**Exercise prompt**:
Starting at the line that contains "编号：90155905172", quote every line through the end of the entries, word for word, skipping the pictures.

**Raw data**:

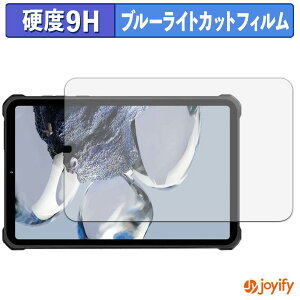 �y 9H �u���[���C�g�J�b�g �z�t�B���� OUKITEL RT11 5G �ی�t�B���� �u���[���C�g�J�b�g�t�B���� �A���`�O���A ���d�x ���˖h�~ �w��h�~ �t���ی�t�B����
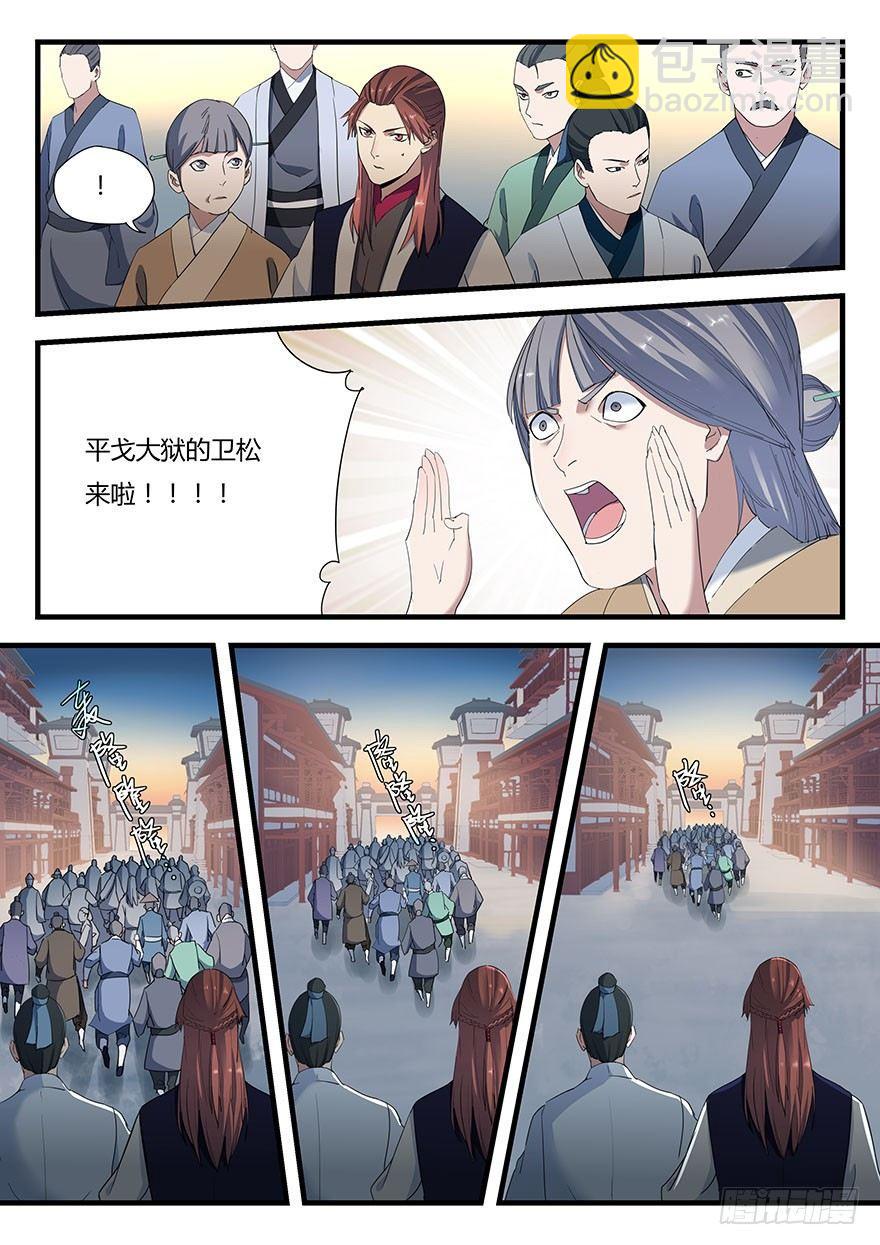 第一话 秦国酷吏19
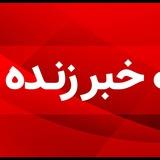 اولین خبر ها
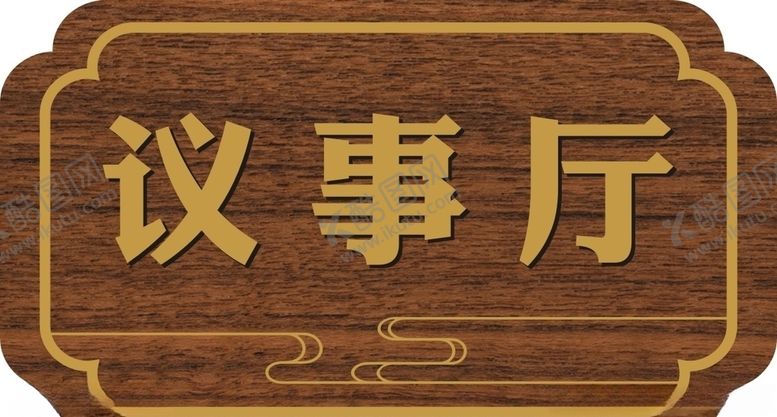 编号：90155905172121251393【酷图网】源文件下载-科室牌议事厅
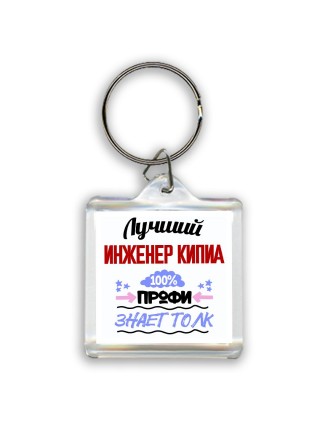 Лучший Инженер Кипиа 100 процентов профи - знает толк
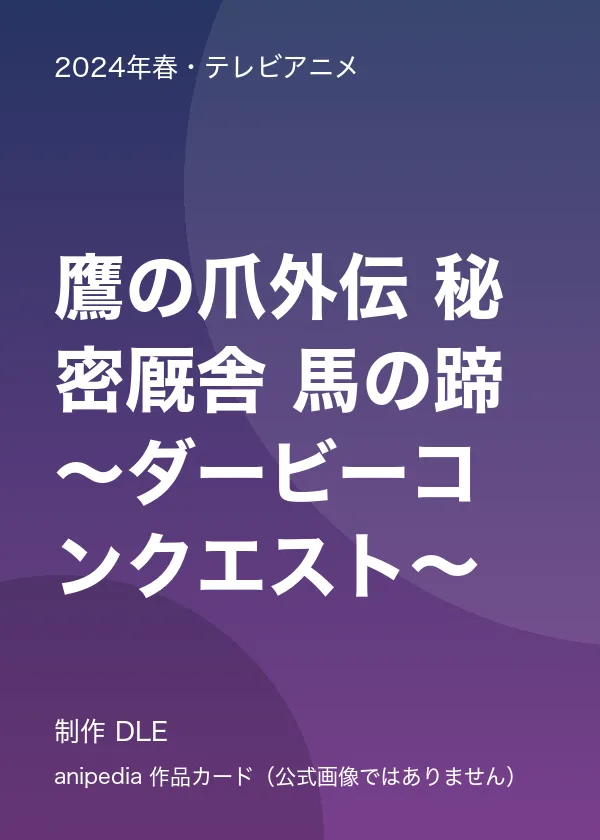 鷹の爪外伝 秘密厩舎 馬の蹄 ～ダービーコンクエスト～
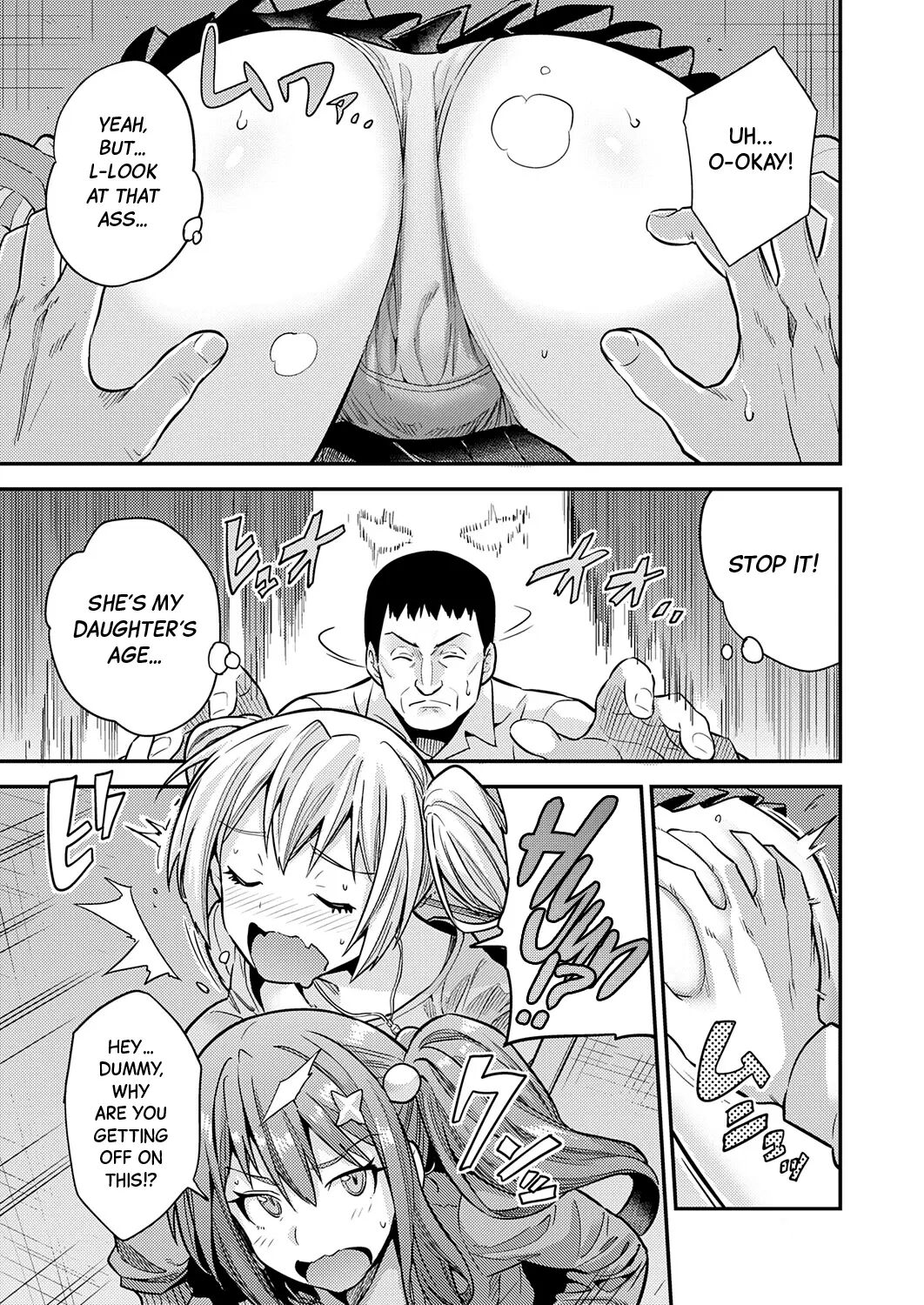 Ass-wall At A Haunted Place!? Seriously!? Chapter 1 Page 3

**Your solution**:
 编号：90155905172121251393【酷图网】源文件下载-科室牌议事厅
 Лучший Инженер Кипиа 100 процентов профи - знает толк
 鷹の爪外伝 秘密厩舎 馬の蹄 ～ダービーコンクエスト～
 Ass-wall At A Haunted Place!? Seriously!? Chapter 1 Page 3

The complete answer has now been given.